One patient had or subarachnoid hemorrhage. Four patients with seizures had no brain parenchymal lesions.

Table 2
Univariate analysis of predictors of presenting seizures in patients with cerebral venous sinus thrombosis
Variable Seizure (n=44) No seizure (n=137) OR 95% CI p-value
Age (years) 30.43±9.30 35.99±15.80 - - 0.03
Female 35 86 2.31 1.03–5.19 0.06
Isolated SSS 11 18 2.20 0.95–5.12 0.10
SSS with other venous sinuses 23 57 1.54 0.78–3.04 0.29
Isolated TS 1 6 0.51 0.06–4.34 0.86
TS with other venous sinuses 29 105 0.59 0.28–1.23 0.22
Isolated SS 0 2 - - 0.98
SS with other venous sinuses 27 92 0.78 0.38–1.57 0.60
Isolated straight sinus 0 1 - - 0.55
Straight sinus with other venous sinuses 7 26 0.81 0.32–2.01 0.82
Straight sinus, internal cerebral veins and vein of gallen 0 3 - - 0.76
Internal cerebral veins and vein of gallen 0 2 - - 0.98
Involvement of superficial cortical veins 4 1 13.6 1.48–125.16 0.02
All superficial and deep venous sinuses 6 14 1.39 0.50–3.86 0.72
Hemorrhagic venous infarct 27 41 3.72 1.83–7.55 <0.01
Non hemorrhagic venous infarct 8 27 0.91 0.38–2.17 0.99
Intraparenchymal hemorrhage 4 7 1.86 0.52–6.67 0.55
Intraventricular hemorrahge 0 1 - - 0.55
Subarachnoid hemorrhage 1 0 - - 0.55
Frontal 19 10 9.65 4.01–23.22 <0.01
Parietal 3 3 3.27 0.64–16.82 0.31
Occipital 0 4 - - 0.58
Fronto-temporal 0 4 - - 0.58
Fronto-parietal 6 19 0.98 0.37–2.63 0.83
Temporo-parietal 2 4 1.58 0.28–8.95 0.97
Parieto-occipital 2 6 1.04 0.20–5.35 0.71
Temporo-occipital 4 4 3.33 0.79–13.90 0.19
Fronto-temporo-parietal 1 1 3.16 0.19–51.65 0.98
Temporo-parieto-occipital 1 5 0.61 0.07–5.40 0.97
Bilateral thalamic 0 6 - - 0.35
Bilateral thalamo-capsuloganglionic 0 4 - - 0.58
Bilateral caudate nuclei 0 1 - - 0.55
Bilateral thalamic and fronto-parietal 0 1 - - 0.55
Cerebellum 0 2 - - 0.98
Cerebellum and fronto-parieto-occipital 1 1 3.16 0.19–51.65 0.98

Values are presented as mean±standard deviation or number.

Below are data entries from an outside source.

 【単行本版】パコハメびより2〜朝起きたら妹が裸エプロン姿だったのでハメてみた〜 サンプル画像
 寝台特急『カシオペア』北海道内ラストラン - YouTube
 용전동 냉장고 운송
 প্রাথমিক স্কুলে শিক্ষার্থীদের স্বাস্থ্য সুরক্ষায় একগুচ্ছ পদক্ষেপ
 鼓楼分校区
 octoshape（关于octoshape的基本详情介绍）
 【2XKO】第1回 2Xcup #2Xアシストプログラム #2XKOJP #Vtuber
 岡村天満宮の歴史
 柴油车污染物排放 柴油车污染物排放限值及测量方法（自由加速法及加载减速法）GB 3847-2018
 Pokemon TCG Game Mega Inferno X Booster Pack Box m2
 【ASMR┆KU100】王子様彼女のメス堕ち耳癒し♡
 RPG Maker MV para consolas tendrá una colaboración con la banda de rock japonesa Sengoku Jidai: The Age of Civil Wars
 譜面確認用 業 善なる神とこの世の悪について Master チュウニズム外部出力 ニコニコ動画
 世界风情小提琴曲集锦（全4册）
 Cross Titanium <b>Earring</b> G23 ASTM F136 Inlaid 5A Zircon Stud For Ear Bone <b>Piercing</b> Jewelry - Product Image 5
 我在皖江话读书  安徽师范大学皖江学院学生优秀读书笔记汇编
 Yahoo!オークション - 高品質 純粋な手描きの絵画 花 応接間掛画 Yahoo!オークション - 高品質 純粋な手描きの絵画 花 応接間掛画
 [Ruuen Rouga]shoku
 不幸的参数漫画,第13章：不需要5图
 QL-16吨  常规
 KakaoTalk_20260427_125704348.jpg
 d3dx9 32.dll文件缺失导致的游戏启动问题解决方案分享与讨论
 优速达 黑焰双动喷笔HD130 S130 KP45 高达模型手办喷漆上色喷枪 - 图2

OR, odds ratio; CI, confidence interval; SSS, superior sagittal sinus; TS, transverse sinus; SS, sigmoid sinus.

Table 3
Multivariate analysis of predictors of presenting seizures in patients with cerebral venous sinus thrombosis
Variable OR 95% CI p-value Regression coefficient
Hemorrhagic venous infarct 4.44 1.89–10.44 0.001 0.21
Frontal 10.66 4.02–28.29 <0.001 0.45

OR, odds ratio; CI, confidence interval.